Through the years, I've become mature, wiser and incredibly good looking, while JRPGs still have the same happy-go-lucky idiots running headlong into the same obvious fortresses of evil. Before you start moaning about how a great formula is great because it can endure the test of time, read my reasons that JRPGs suck. After that, go ahead and gripe if you think fixing these concerns wouldn’t make JRPGs even better (babies).
The only time it's appropriate to find 12 gold coins and a potion after a battle is when you’ve just defeated a group of potion-sellers. But does that ever happen? No, but take down a pack of wolves or an alligator and you're bound to find leather armor, a gem of fire magic and enough gold to start a college savings fund for the little alligator orphans you've just created. The obvious question is: what were the animals going to spend that money on? When you figure that out, ask yourself: where were they hiding those 12 gold coins?
Quick fix: This one's not very hard to figure out. If you're fighting a guy who fights by throwing fish at you, he should drop some fish. If you fight a fish, it should drop nothing but scales and fish meat. Fish don't carry manufactured goods.

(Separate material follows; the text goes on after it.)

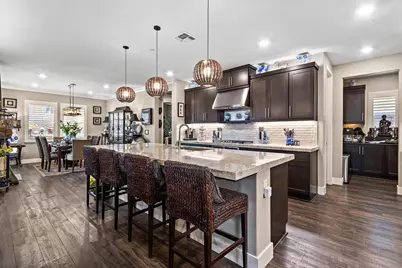 1311 Amalfi Ct, San Ramon, CA 94583 - Photo 11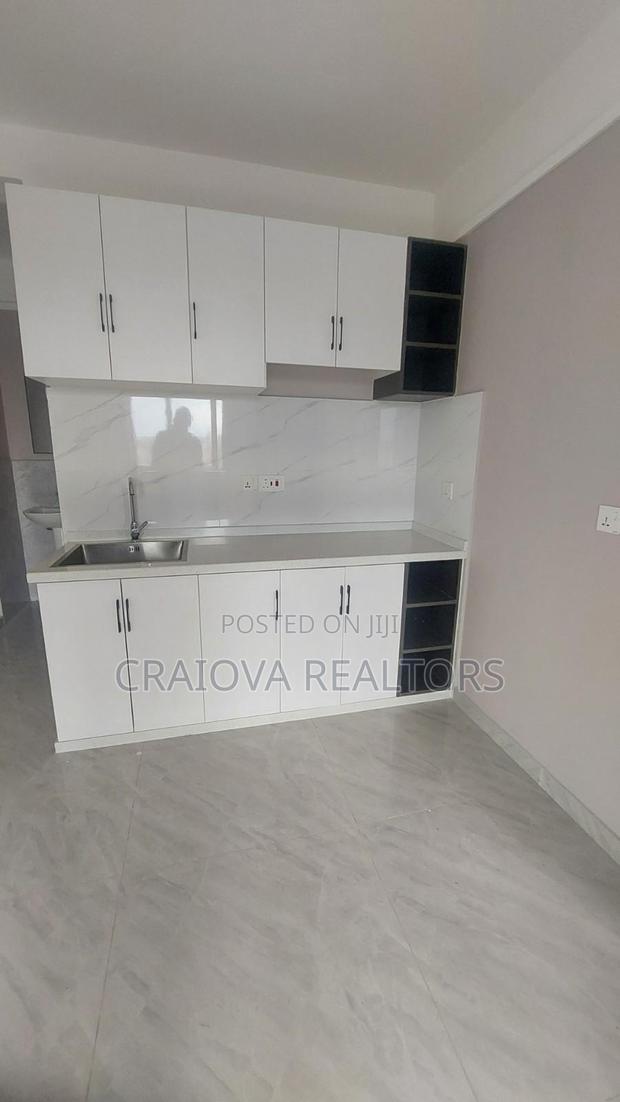 2bdrm Apartment in Dagoretti Corner for sale - thumbnail 4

In a perfect world: Instead of collecting gold from enemies, I'd like to be able to saw off the heads of everything I kill, tie them all together in a long chain and drag it around to freak people out. This is better than collecting gold from dead animals, because it at least makes sense in that everything I fight has a head. Well, except the things that don't.
Worst offenders: Outside of an MMO or two, if you can get loot from fighting, the game does this. Go ahead, think about it for awhile and see if you can find more than one exception.